In a first for Baltimore and the nation, the U.S. Geological Survey and the Environmental Protection Agency will soon be installing a suite of sensors that will provide the public and scientists with the first comprehensive, real time look at water quality in Baltimore’s Inner Harbor.

Baltimore’s Inner Harbor and the urban rivers that flow into it are important sources of water to Chesapeake Bay, popular recreation sites for residents and tourists, and the targets of an ambitious clean-up plan to make the harbor swimmable and fishable by the year 2020. But until now, the city has lacked monitoring systems where key water pollution indicators are continuously measured and made available to the public in real time.

A pilot program, announced Friday by the EPA and USGS at the White House roundtable on environmental restoration in Baltimore, is designed to change that.

“The water quality information provided by the U.S. Geological Survey and Environmental Protection Agency will inform the collective efforts of other federal, state and local officials all working to make Baltimore Harbor safe for swimming and fishing,” said Don Cline, the USGS Associate Director for Water, from USGS headquarters in Reston, Virginia. “Everyone deserves clean water, and the sensors will provide the local community a real-time look at water quality in the harbor, informing efforts to improve it.”

USGS says that two instruments to be mounted near a pedestrian bridge across the mouth of the Jones Falls, overlooking the Baltimore Harbor Water Wheel (aka “Mr. Trash Wheel”), will continuously monitor the water’s flow and quality. That information will automatically feed into two online networks: the USGS’ nationwide water quality monitoring Web site, used by scientists, water quality managers, and citizens; and an EPA pilot project called “Village Blue,” which seeks to increase public awareness of water quality issues.

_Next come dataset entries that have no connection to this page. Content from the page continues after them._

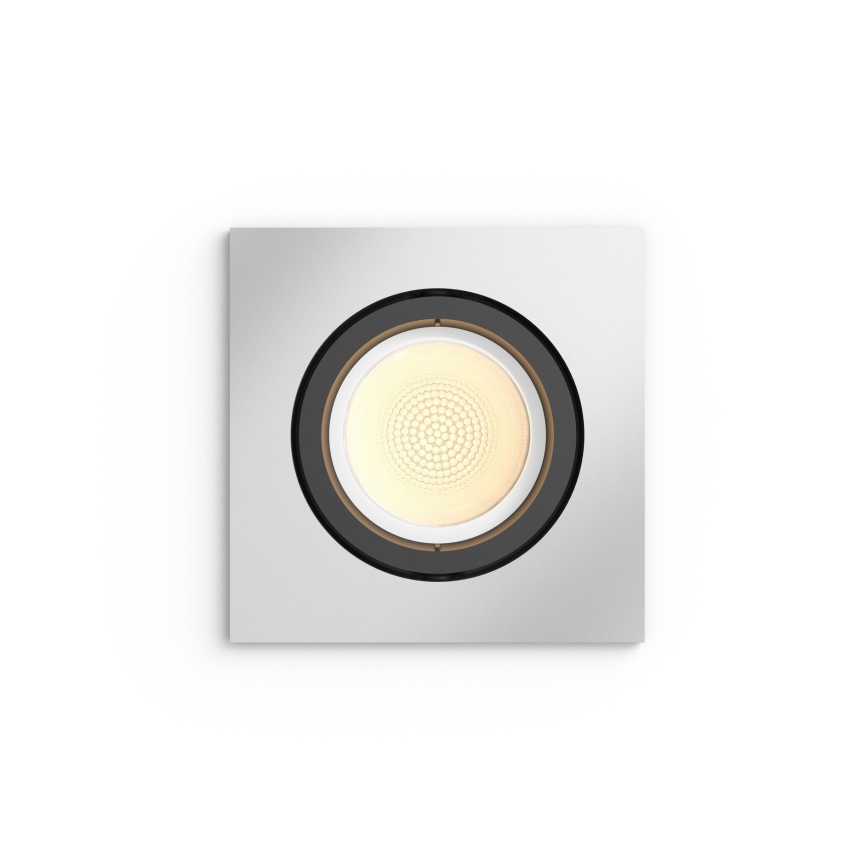 Philips - LED RGB Upotettu valo Hue CENTURA 1xGU10/5.7W/230V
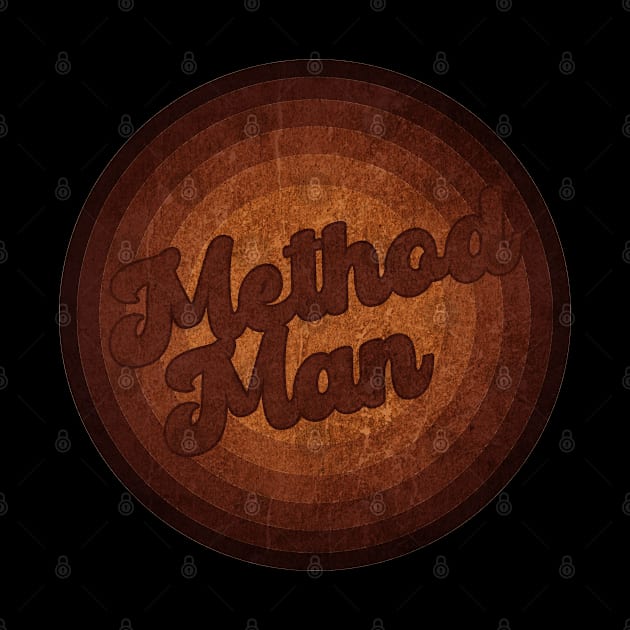 Method Man - Vintage Style by Posh Men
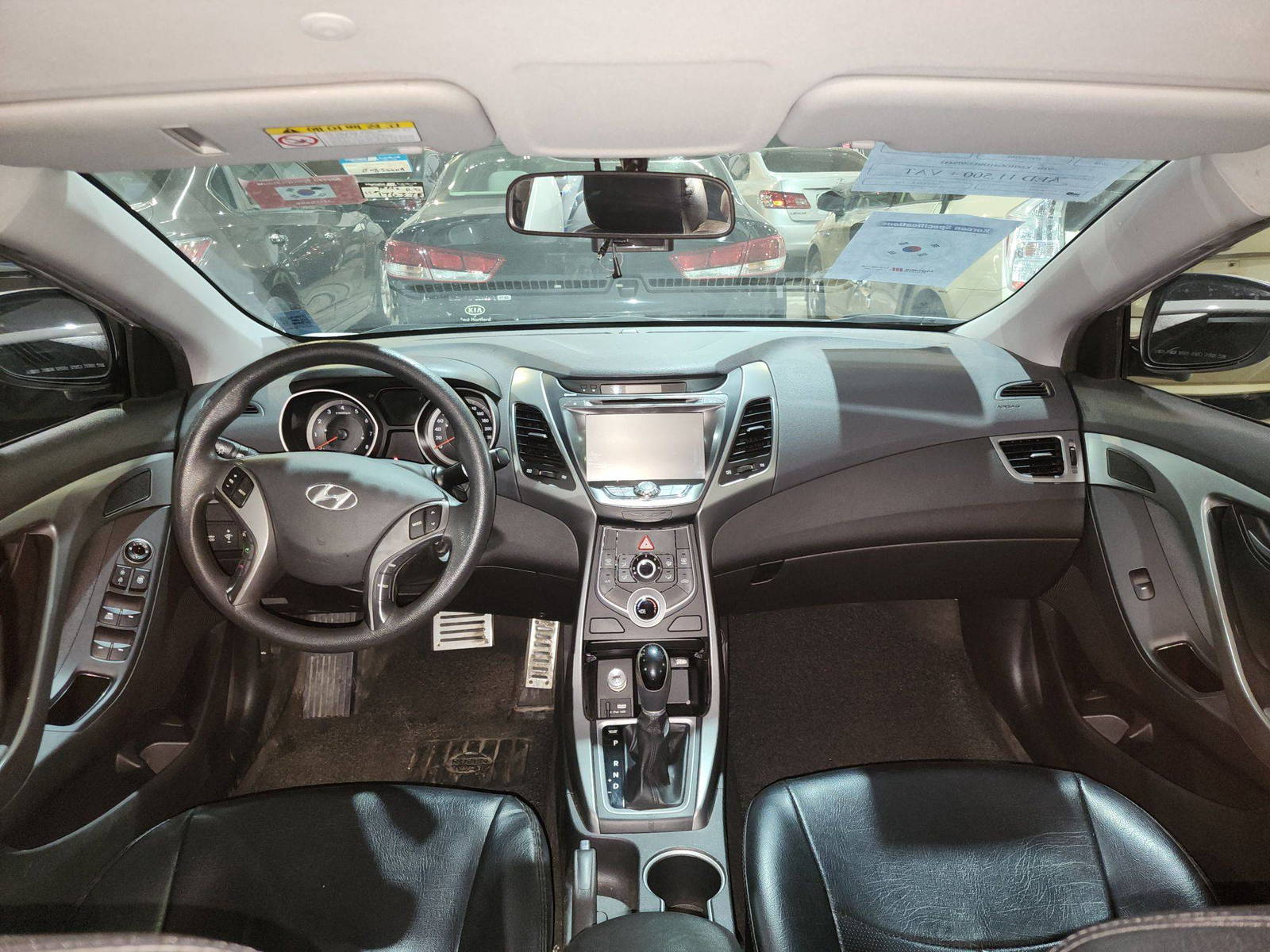 2014 HYUNDAI AVANTE — 176375 KM — Lot 079443 — Main - Marhaba Auctions Used Cars - Image 8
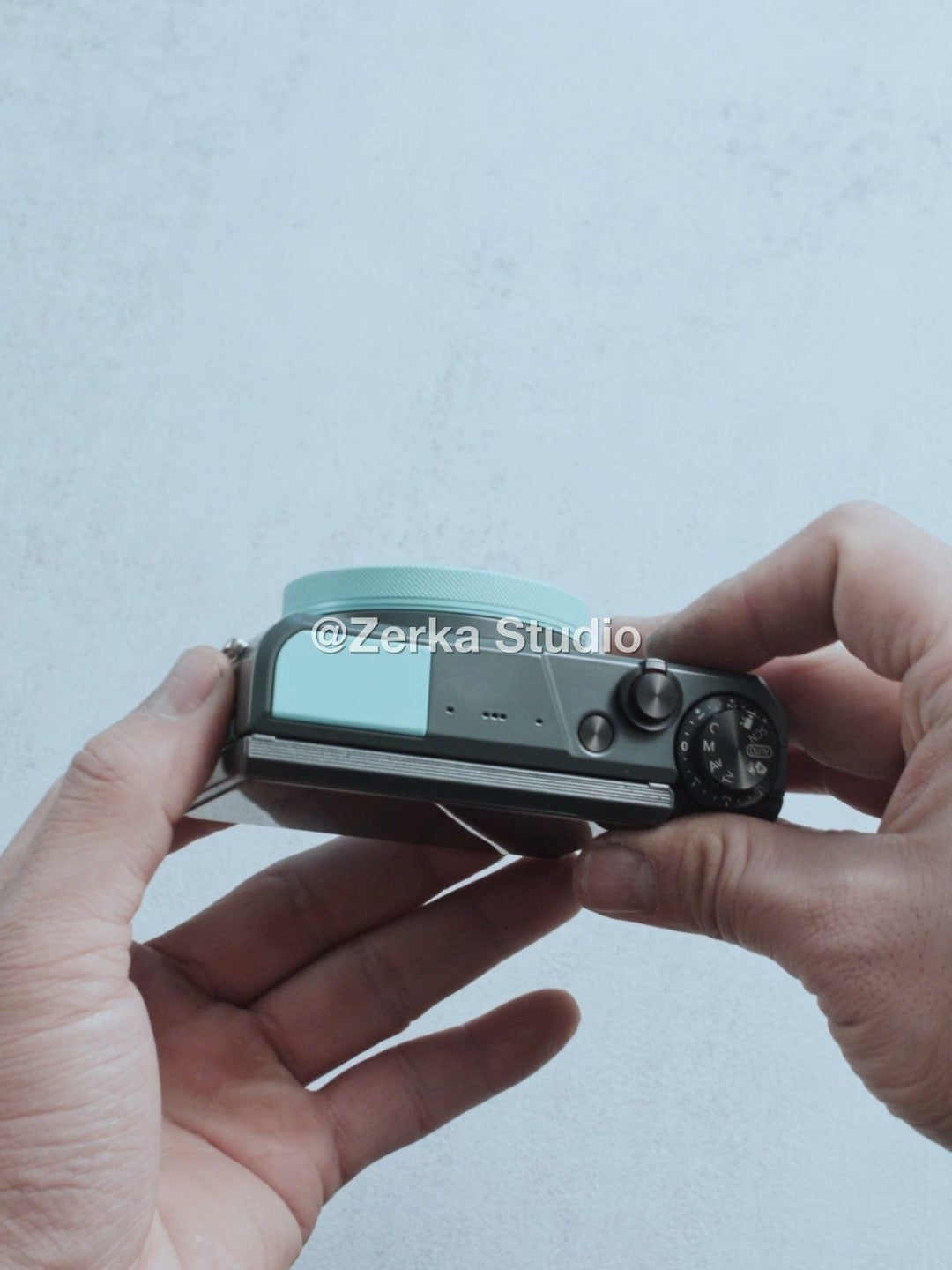 [Made to Order] Canon G7 X Mark II 【Mint Slate】#124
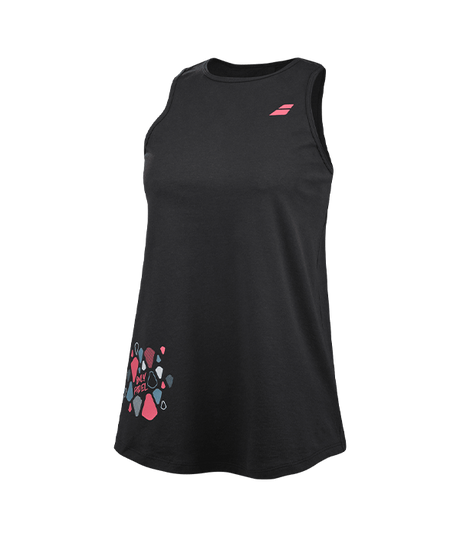 Babolat Black Woman 2024 T-shirt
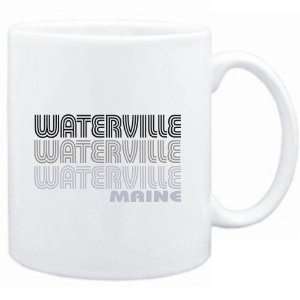  Mug White  Waterville State  Usa Cities Sports 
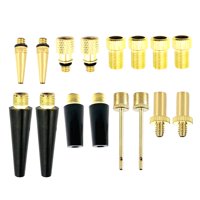 Magideal - Adaptador De Válvula Presta, Bomba De Bola, Convertidor De Boquilla, Adaptadores, De Herramientas Para Juguetes Inflables, Globo Compresor De Aire , Serie 1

“This initiative will provide the public with access to and understanding of water quality data they can use in a number of important ways,” said EPARegional Administrator Shawn M. Garvin. “The information will help people become better stewards of their local waterways and take actions to protect their health by reducing exposure to contaminants.”

The Baltimore Village Blue station is the first of its kind in the nation. Modeled on an existing EPA air quality awareness program called Village Green, with air pollution monitoring stations in six U.S. cities, it will make flow and water-quality information from the Jones Falls available to the public in an easy-to-read format on a soon to be live special EPA website. The information will also be available at the USGS water data Web site, where information from about 1.5 million water monitoring sites nationwide is made public and searchable.

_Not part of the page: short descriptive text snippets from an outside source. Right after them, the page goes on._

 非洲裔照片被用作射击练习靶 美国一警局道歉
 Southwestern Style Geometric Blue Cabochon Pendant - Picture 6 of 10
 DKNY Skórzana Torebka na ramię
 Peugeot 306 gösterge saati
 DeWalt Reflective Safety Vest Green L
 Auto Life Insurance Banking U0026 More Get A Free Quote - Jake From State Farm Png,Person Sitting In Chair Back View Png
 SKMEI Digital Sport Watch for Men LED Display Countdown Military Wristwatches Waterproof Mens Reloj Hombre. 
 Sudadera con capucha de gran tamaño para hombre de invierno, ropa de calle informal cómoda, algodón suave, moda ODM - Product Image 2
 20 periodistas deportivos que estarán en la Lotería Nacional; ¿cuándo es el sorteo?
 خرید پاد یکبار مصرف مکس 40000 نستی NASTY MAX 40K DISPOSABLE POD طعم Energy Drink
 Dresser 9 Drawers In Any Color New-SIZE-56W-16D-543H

“We see this as more than a set of new scientific instruments. It is also a step forward in helping Baltimore meet its goal of a cleaner, healthier, more accessible Inner Harbor,” said Mary Kay Foley, director of the USGS’ Maryland-Delaware-DC Water Science Center, which collaborated on the project with the EPA

“The information we’re gathering will help scientists better understand how to clean up the Chesapeake Bay,” Foley said. “And it will empower the citizens of Baltimore by giving them real time water quality and hydrologic information about the current status of their historic waterfront.”

The USGS notes that it operates more than a dozen continuous, comprehensive water-quality monitoring stations in Maryland, including several in the Baltimore metro area. Information from these monitoring stations helps USGS hydrologists quantify the amount, types, and sources of pollution into the Chesapeake Bay, and that information in turn helps guide Chesapeake Bay restoration efforts.

The new monitoring station will be equipped with a flow meter, and five water-quality sensors. The sensors will continuously measure water temperature, salinity, oxygen content, pH (acidity or alkalinity) and turbidity (cloudiness). A sixth sensor, to be added later, will measure dissolved nitrogen compounds, which act as a fertilizer for algae blooms. The equipment was paid for with funds appropriated by Congress after Superstorm Sandy struck the Northeast Coast in October 2012. The EPAwill provide funds to operate the station, and will also maintain the “Village Blue” website where its data will be displayed. The station is also designed to serve as a test site for a new generation of low-cost water monitoring sensors being developed by the EPA.